# casting brass



## glycerine (Jan 1, 2010)

You guys who CAST your own parts... what metals are you using?  At what temp does brass melt?  Do you cast with sand or the lost wax method?
  I'm wondering if there's a way that I can make my own components without a metal lathe.  I was thinking cast in brass and send them off or find a local jeweler/plating shop to be plated.
  Can anyone offer me advice/suggestions?


----------



## NewLondon88 (Jan 1, 2010)

I can only kick in a tiny bit of info, since I haven't cast my own.
But in investigating getting components made, I was told that
a lot of the parts should be stamped and plated, and any casting
would probably work best using lost wax or investment casting.
Getting the original made is the first step, and most of that could
be done on a metal lathe for control. If you don't have access, then
you might find someone who can do it for you. There are people who
can take your CAD files and create the pieces on CNC machines.

If there is to be any engraving
on it, you may want to work in wax instead of metal to make your
original. Jeweler's wax is hard enough to hold up on the metal lathe,
and it takes detail very well. You can turn your components and then
take it to a jeweler with your design and have them carve it for you if
you don't do carving. Then the wax can be used for lost wax casting.
That will get you your first master and mold.

If you want to try some of the wax, let me know. I think I have some left.


----------



## mredburn (Jan 1, 2010)

The wax used in carving is usally File-a -wax (brand name). You can shape it with burs or files or scrapers. YOu can turn it on a lathe. the firmer the grade the better. You can take the model you create to a local jeweler who can cast it for you, then a rubber mold is made of the master so you can reproduce the piece over and over. The problem with mold reproduction is the mold has a shrinkage factor unless you have a 100% poured silicone mold made. YOu can cast brass that you have on hand but sometimes you get brittle metals when done this way. Brass melts at 1750 degrees for 70/30 YOu can also get a brass product called jewelers brass that looks like 14k when polished, its used to make display models of settings without the cost of doing them in gold. Im making most of my masters in brass turned on the lathe and then molded andthen cast in sterling silver. If your piece is something that can be turned on the lathe buy round brass rod and make the pieces one at a time. if they are more of a freeform and dont lend themselves to turning, such as clips. Frabrication by soldering filing grinding may be an option. If you have a design you need help with send me a pm.  there are pictures of some of my parts are under the threading wood post that was done just a day or so ago.


----------



## glycerine (Jan 1, 2010)

Is it expensive to have a jeweler make a mold?  And how much does sterling silver cost?


----------



## ldb2000 (Jan 1, 2010)

Todays spot silver price is $16.99 per oz . Call these people for prices and what info is needed , http://www.billanticasting.com/BillantiCasting/Home.html


----------



## mredburn (Jan 2, 2010)

Depending on your area molds can range from 15 dollars and up. If it gets to be more than that let me know I might be able to help. Sterling Silver casting grain is running between 18.00 an ounce and 20.00 an ounce for the tarnish resistance stuff. The low tarnish has different trade names. Rio grande supply, Thunderbird supply, sell sheet, tubes casting grain, etc. They will sell directly on line. I buy directly from a refinery but there isnt that much difference in price. I buy sheet and tube from thunderbird Kitco.com  home page displays current metal prices. 
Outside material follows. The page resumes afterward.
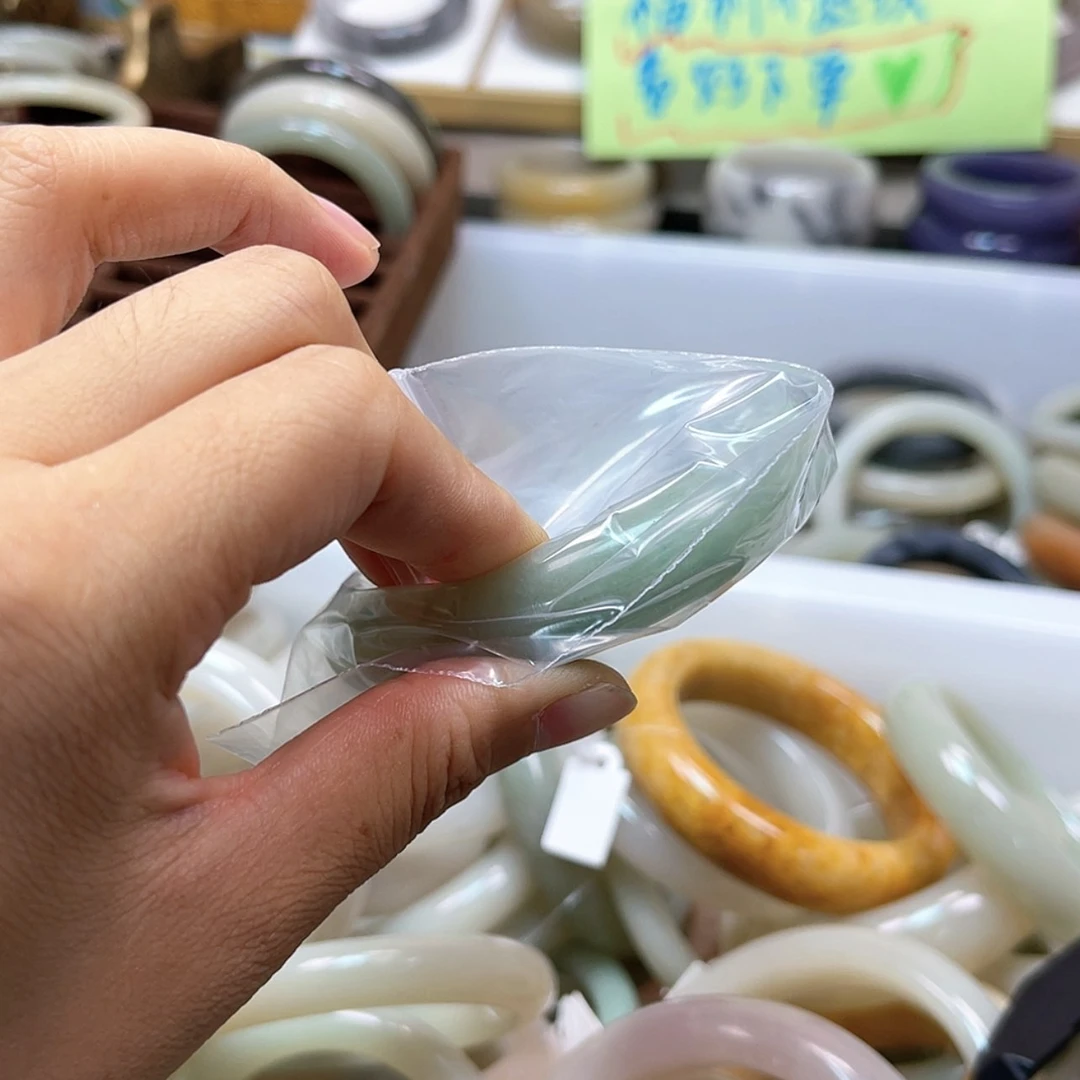 【闪购商品】石英质玉手镯未镶嵌蕊**?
One of the factors in making a mold is shrinkage. differnt mold rubbers have differnt shrink rates. If you make a master to have cast and then molded you will have to guess at how much shrinkage you might get. any where from 2.6% to .065 % for silicon rubber and o % shrinkage on room temp poured silicone 2 part types.  However the lessor shrinking materials cost more. not every one carries the 2 part rtv silicone mold material.  Most jewelers dont have to deal with the tolerances required by pen parts. The alternative is to make every thing over sized and turn it to finish specs after the casting. Clips are different. the shrinkage is not as much as a problem trying to match a turned blank.  There are at times as much luck and magic as science in casting. 

www.*thunderbird**supply*.com
 
www.*riogrande*.com
 
www.*kitco*.com


----------



## glycerine (Jan 3, 2010)

So you're saying the mold itself can shrink?  And the metal parts cast from the mold should be consistent or they too will vary in size because of the mold shrinkage?  Would it be better to do tubeless pens when having parts cast?  Or at least wait until the parts are made and then find the right tube size?


----------



## BRobbins629 (Jan 3, 2010)

You can use cast parts with tubes, but it generally isn't necessary. The main reason for tubes is to have something to press the fittings into.

I do my sterling silver casts from wax using the lost wax casting process.  Now I do the wax models either by hand carving, turning on the lathe, CNC or a combination of them.  Although I have cast myself, I have found it easier and less expensive to have someone like Cranston Casting to do them.  If you are not making many of the same thing, you do not need a mold.  There is some shrinkage but that is generally easy to deal with.  You can trim the metal to meet the pen parts or trim the pen parts to meet the metal.  Either way works.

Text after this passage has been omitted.